Material provided
════════════════════
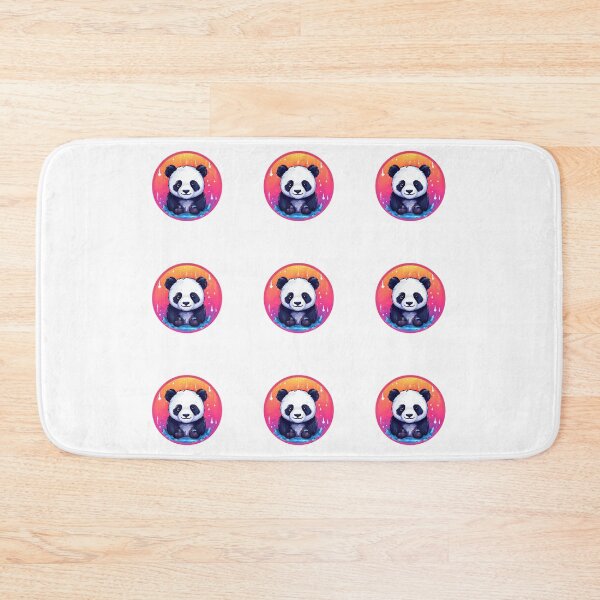 Item preview, Panda pack stickerpack designed and sold by Silviajones.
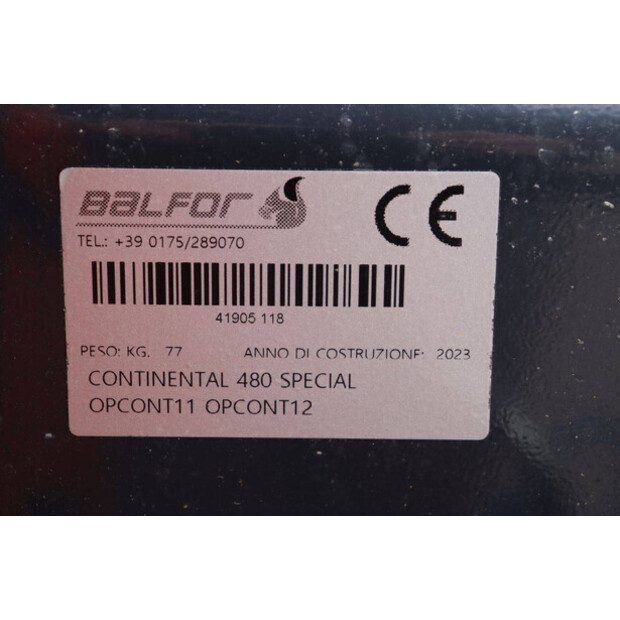2023 Balfor Continental 480 Special-49246101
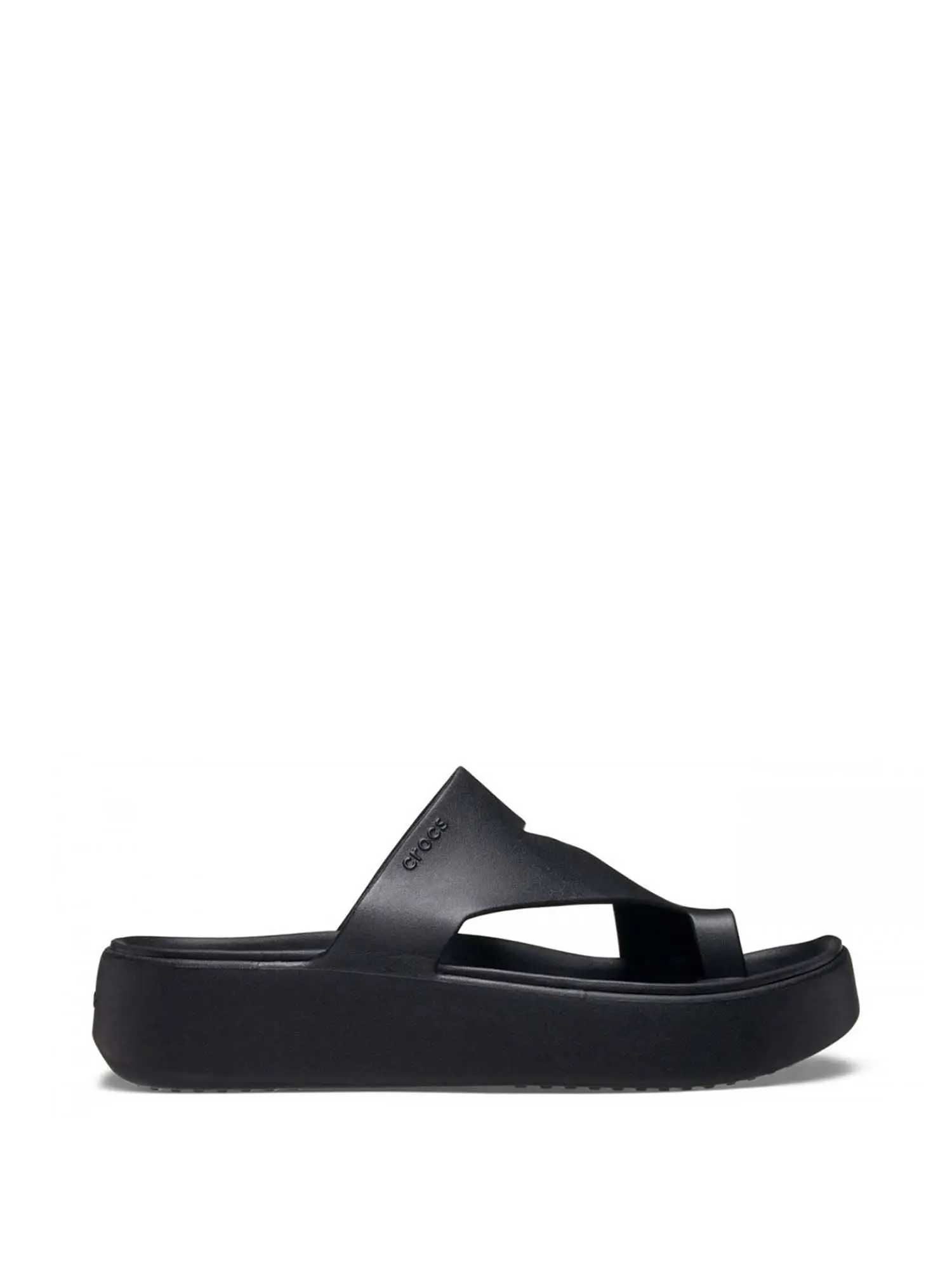 CIABATTA DONNA - CROCS - CR.210834 - NERO, 41/42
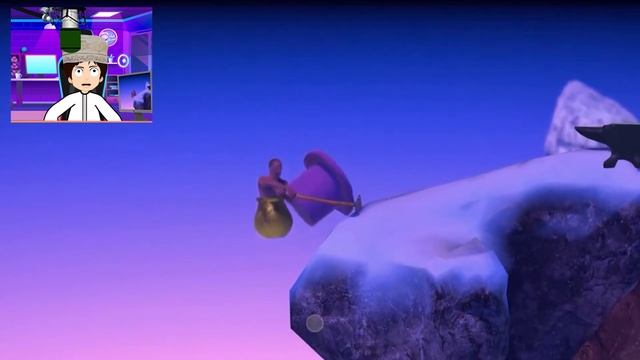 رفعة ضغطي لعبة getting over it смотреть онлайн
════════════════════
Task to carry out
Pictures are not part of the copy. Restate everything else in the listing word for word.

Solved problem
 Item preview, Panda pack stickerpack designed and sold by Silviajones.
2023 Balfor Continental 480 Special-49246101
 CIABATTA DONNA - CROCS - CR.210834 - NERO, 41/42
 رفعة ضغطي لعبة getting over it смотреть онлайн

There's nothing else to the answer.